La décision, a souligné la présidente de la BCE, Christine Lagarde, a été prise à l’unanimité, avec la détermination d’être dépendants des données afin de parvenir à ramener l’inflation à moyen terme à 2%.
Par ailleurs, le Conseil des gouverneurs a décidé de fixer la rémunération des réserves obligatoires à 0%.
Cette décision préservera l’efficacité de la mise en œuvre de la politique monétaire en conservant le même niveau de contrôle sur son orientation, a indiqué la présidente. Cette modification entrera en vigueur au début de la période de constitution des réserves, le 20 septembre.
Une pause dans la hausse des taux ?
La BCE envisage à présent la possibilité d'une pause dans les hausses successives de ses taux directeurs.
La présidente a précisé que cette éventualité sera examinée à partir de septembre, et ensuite à chaque réunion de politique monétaire. Il ne s'agit pas d'orientations (forward guidance). « La charge de la preuve sera sur les données », a précisé Christine Lagarde.

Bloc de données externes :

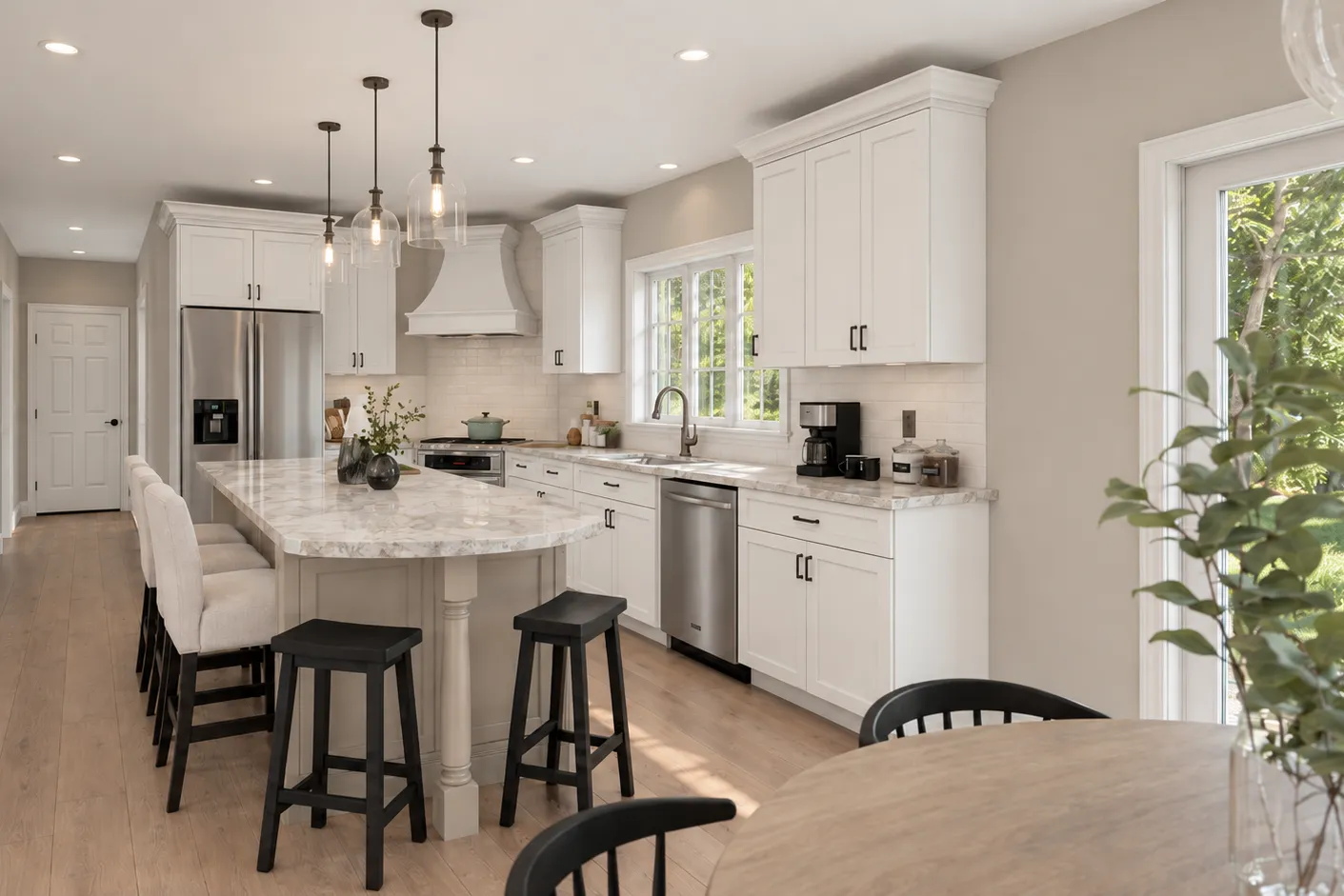 Kitchen remodel in Londonderry, NH — enlarged island with seating for five, glass pendants and white shaker cabinetry by Oak Hill Design & Build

La décision sera prise à nouveau en fonction de l'évaluation, par le Conseil des gouverneurs, des perspectives d'inflation, de la dynamique de l'inflation sous-jacente et de la force de la transmission de la politique monétaire. Tous les types de données macroéconomiques seront pris en considération.

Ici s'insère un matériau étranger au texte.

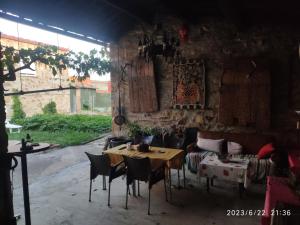 a room with a table and chairs and a couch at El Zoela in Ferreras de Arriba +4 photos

Mme Lagarde a indiqué qu'en septembre, le Conseil des gouverneurs disposerait notamment des projections d’inflation élaborées par la BCE, de deux lectures et d’une meilleure compréhension de la transmission de sa politique monétaire.
Par ailleurs, il n'y aura pas d'arbitrage entre les taux d'intérêt et le resserrement quantitatif ('quantitative tightening') et les taux d'intérêt resteront l'outil principal et le plus efficace de la BCE, a déclaré sa présidente. « Notre moteur est l’effet de notre politique monétaire sur l’inflation », a-t-elle ajouté.
Dynamiques de l'inflation
La présidente a indiqué que les moteurs de l'inflation changeaient : les sources externes d'inflation s’atténuent tandis que les pressions inflationnistes domestiques, notamment celles exercées par la hausse des salaires et les marges bénéficiaires, demeuraient encore solides et devenaient un facteur d'inflation de plus en plus important.
Cependant, elle a indiqué que l’on n’observait pas d’effet de second tour ni de risque d’un tel phénomène, pour le moment du moins, mais que la BCE observait particulièrement le secteur des services.
Le vice-président, Luis De Guindos, quant à lui, a souligné que, comme l’indiquait le rapport sur la stabilité financière, la BCE avait accordé de l’attention à la baisse des prix de l’immobilier, particulièrement de l'immobilier commercial. Une tendance, indique M. De Guindos, qui a débuté avant le resserrement de la politique monétaire et qui ne s’observe pas dans l’immobilier résidentiel.
Transmission de la politique monétaire de la BCE
Christine Lagarde a indiqué que la matérialisation de la transmission de la politique monétaire de la BCE s’observait de manière effective pour le volet du financement par les banques. La transmission vers l’économie au sens large est moins évidente, mais commence à être observée.
« Il n'est pas surprenant qu'il y ait moins d'investissements en général. Tel est l'effet escompté de l'orientation de la politique monétaire que nous avons définie. Et c'est précisément ce qui permettra de ramener l'inflation à son niveau cible », a par ailleurs déclaré la présidente Lagarde.
Verdissement du portefeuille
La présidente a souligné que, comme Greenpeace l’avait noté (EUROPE 13230/24), la BCE cessait ses réinvestissements au titre de son programme d’achats d’actifs APP. Or, la BCE s'était engagée à aligner ces programmes d'achats d'actifs sur l’Accord de Paris.
Christine Lagarde a déclaré : « Nous élaborerons, dans le courant 2023, les moyens et les méthodes par lesquels nous nous alignerons sur l'Accord de Paris ».